Since the 18th century a succession of British dissidents had described themselves as patriots, by which they meant (among other things) that they cherished their country’s liberty, and opposed its corruption as well as its administration. It was because patriotism was so often a synonym for dissent that Samuel Johnson coined his crusty definition of it for his dictionary. But by the 1850s the meaning of patriotism for many Britons was what Lord Palmerston and not what Richard Cobden wanted it to be. Patriotism was no longer the last resort of the scoundrel: instead, one was increasingly likely to be thought a scoundrel if one’s own patriotism did not coincide with the Government’s interpretation of that ambiguous virtue. Cobden and his friends did their level best to insist that aversion to an arms race and a penchant for non-intervention did not add up to treason: ‘How indeed,’ John Bright told his Birmingham constituents, ‘can I any more than any of you be un-English and anti-national?’ But the fact that radicals had to argue in these terms showed just how far Palmerston and his kind had put them on the defensive.

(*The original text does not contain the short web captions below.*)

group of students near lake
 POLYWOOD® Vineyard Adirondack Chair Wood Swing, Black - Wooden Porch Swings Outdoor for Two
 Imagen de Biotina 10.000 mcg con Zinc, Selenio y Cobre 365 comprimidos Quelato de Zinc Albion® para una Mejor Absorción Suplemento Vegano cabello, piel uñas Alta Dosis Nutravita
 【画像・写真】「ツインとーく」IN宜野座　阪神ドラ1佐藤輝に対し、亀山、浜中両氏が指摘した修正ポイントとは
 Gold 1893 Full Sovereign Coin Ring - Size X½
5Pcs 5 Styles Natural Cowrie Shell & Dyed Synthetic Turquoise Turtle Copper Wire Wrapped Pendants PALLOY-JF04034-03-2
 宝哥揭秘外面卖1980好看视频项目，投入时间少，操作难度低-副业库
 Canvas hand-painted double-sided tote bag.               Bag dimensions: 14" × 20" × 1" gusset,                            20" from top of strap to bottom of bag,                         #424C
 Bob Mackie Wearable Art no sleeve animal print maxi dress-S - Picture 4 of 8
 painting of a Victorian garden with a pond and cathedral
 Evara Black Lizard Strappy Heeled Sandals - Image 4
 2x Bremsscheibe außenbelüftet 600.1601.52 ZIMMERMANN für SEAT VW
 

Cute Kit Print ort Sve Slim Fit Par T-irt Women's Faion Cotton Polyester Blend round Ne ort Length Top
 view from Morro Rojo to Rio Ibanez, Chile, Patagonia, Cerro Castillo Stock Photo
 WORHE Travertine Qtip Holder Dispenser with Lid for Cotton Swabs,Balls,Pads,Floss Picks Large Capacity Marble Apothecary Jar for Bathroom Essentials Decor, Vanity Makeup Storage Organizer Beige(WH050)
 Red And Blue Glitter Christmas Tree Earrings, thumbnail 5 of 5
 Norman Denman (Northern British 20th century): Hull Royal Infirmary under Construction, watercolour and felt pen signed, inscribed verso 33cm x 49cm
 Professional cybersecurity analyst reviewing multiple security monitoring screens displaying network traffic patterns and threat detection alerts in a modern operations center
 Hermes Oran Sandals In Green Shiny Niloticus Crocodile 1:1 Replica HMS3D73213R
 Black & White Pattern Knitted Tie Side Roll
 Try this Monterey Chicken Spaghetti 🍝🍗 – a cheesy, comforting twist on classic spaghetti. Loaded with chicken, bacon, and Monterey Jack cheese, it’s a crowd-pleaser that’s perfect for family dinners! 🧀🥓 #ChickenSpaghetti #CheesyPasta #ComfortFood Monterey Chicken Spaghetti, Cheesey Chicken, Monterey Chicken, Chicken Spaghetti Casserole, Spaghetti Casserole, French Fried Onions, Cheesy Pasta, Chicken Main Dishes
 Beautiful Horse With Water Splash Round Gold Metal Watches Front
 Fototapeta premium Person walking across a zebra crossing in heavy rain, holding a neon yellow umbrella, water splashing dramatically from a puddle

Yet it would be wrong to conclude a survey of Cobden’s career – as Wendy Hinde seems to do – with an emphasis on his failures. Rather he can be presented as a man who was uniquely lucky in the time in which he was active. He was lucky because in the 19th century the North of England was prosperous and dynamic enough to serve as an alternative power-base to London’s Establishment. He was lucky in that two landed politicians – Sir Robert Peel and William Gladstone – sympathised, for their own purposes, with some of his most cherished policies. And he was lucky in that the Crimean War turned out to be such a dismal military experience that it helped to deter British governments from seriously contemplating armed intervention in Europe for the rest of the 19th century.

In 1885, 13 of Britain’s 16 cabinet ministers were members of the Cobden Club, founded to advance its namesake’s programme of free trade, peace, and good will among nations. How many cabinets in how many great powers today would be willing so to commit themselves?